Businesses are stepping up recruitment plans and increasing wages as the recovery gathers strength but optimism in the private sector has peaked.
These are the findings according to a corporate survey by Lloyds Banking Group.
Its monthly business barometer found that hiring intentions climbed for a sixth consecutive month to the highest level since November 2018. More than a quarter of respondents, 27 per cent, expect pay growth of 2 per cent, up from 24 per cent last month and back in line with pre-pandemic readings.
Hann-Ju Ho, senior economist at Lloyds Bank Commercial Banking, said: “A sixth consecutive monthly increase in employment expectations alongside an increase in pay growth predictions continues to highlight the resilience of UK businesses.
“With Covid-19 restrictions having now been significantly eased in parts of the UK we can have further confidence in firms’ outlook for the UK economy.”
This masked a slight dip in optimism, though.

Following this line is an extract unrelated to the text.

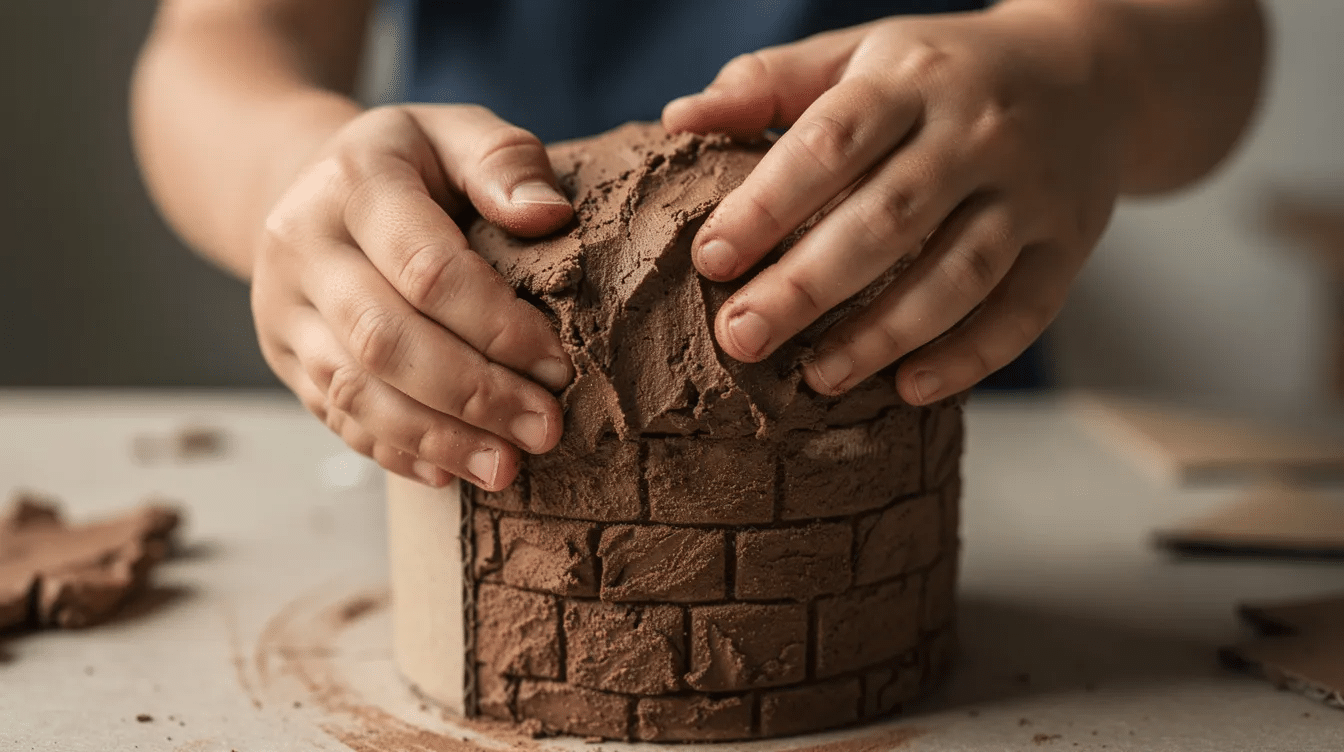1a89d0de-48e6-44e2-a651-44e205aca32f A close-up view of a child's hands applying a brown textured paste to a cardboard cylinder, simulating the mud walls of a traditional African mud hut. The hands are engaged in a creative process, inspired by the architecture and history of homes built in open spaces across the African continent.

Of the 1,200 companies contacted between July 1 and July 15, the proportion of those feeling confident was 30 per cent higher than those who were pessimistic. That was down from 33 per cent, but still above the long-term average of 28 per cent.

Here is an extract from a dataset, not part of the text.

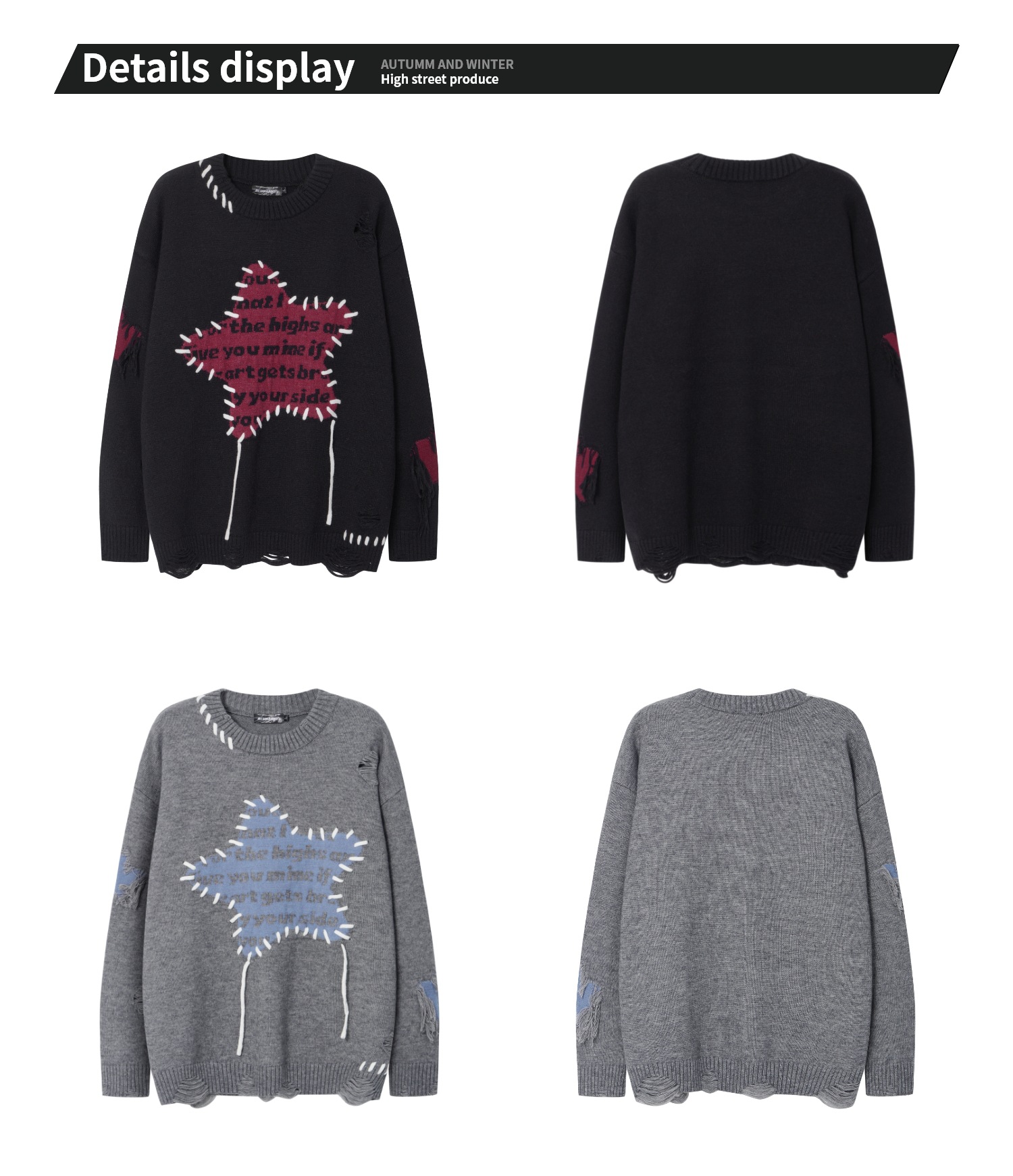 Maglione uomo in maglia stile streetwear con dettagli stella_voghion.com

Optimism in the economic outlook was down from 36 per cent to 32 per cent and confidence in trading prospects slipped from 30 per cent to 28 per cent. However, confidence in the hospitality sector, with a reading of 63 per cent, and transport, at 53 per cent, was particularly strong, reflecting further opening of the economy.
A separate report from BDO, the accounting firm, revealed that confidence is being affected by staff shortages and inflation concerns. Its survey of 500 medium-sized businesses, conducted every other month, showed that 74 per cent want to invest now and 58 per cent expect a return to pre-Covid sales in the next 12 months.
However, 99 per cent of companies surveyed expressed concern about rising inflation, with 19 per cent reporting that it may delay growth plans; 24 per cent saying they may increase prices to offset higher costs, and 15 per cent warning they may cut staff as a result of price rises. Inflation is at 2.5 per cent but some economists believe it could hit 4 per cent later this year.
Staff shortages are already forcing companies to increase pay or cut services. More than half, 58 per cent, of respondents have roles they cannot fill and 34 per cent cannot find people with the appropriate skills, the survey conducted last month of businesses with revenues between £10 million and £300 million found.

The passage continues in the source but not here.